I'm throwing around the idea of trying to find a Humminbird 755 or 785 (Chartplotter not plotter/finder combo) to use as the nagivational tool alone and then relying on my 7998HD just for the imaging/fishfinder. Also if it matters I would prob only be using it for inland lakes of Ohio/KY and St Clair.

What's peoples take on this? How many of you do this?


----------



## Bad Bub (Jan 17, 2006)

I don't do this just based on affordability and mounting space, but is a very popular set up on the pro tours. Now that most of the newer glass boats are designed to flush mount the larger electronics, they will use the flush mount for mapping alone and put another unit on a ram mount beside the console to run sonar/side scan/ down scan on a 3 way slit screen set-up. If I had the means i'd do the same thing.

Outdoor Hub mobile, the outdoor information engine


----------



## sherman51 (Apr 12, 2011)

i think what your doing is a great idea. i have a combo unit myself right now. but if and when i upgrade i plan to go back to two units. i just dont like sharing my screen with both. i have even thought about finding another unit just like what i have, then use one for my fishfinder and the other one for my gps. but thats alot of money i could spend on gas to go fishing. but if one side ever quits, look out,LOL.

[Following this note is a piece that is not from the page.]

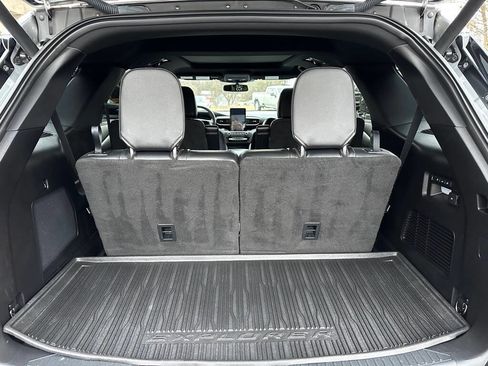 Used 2020 Ford Explorer ST w/ Premium Technology Package image 20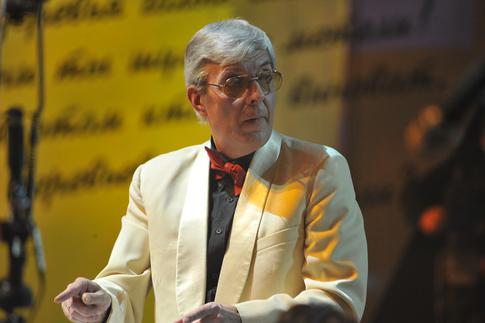 «Мне тяжело»: 89-летний композитор Раймонд Паулс перенес операцию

another thing about the combo units. i know it dont happen often, but if your gps quits and you send it in for repairs, you also lose your depthfinder. i can usely fish erie to some extent with my depthfinder as long as i know i am in the depth where there catching fish i can usely catch a few. or if my depthfinder brakes i lose my gps also. just my opinion.
sherman


----------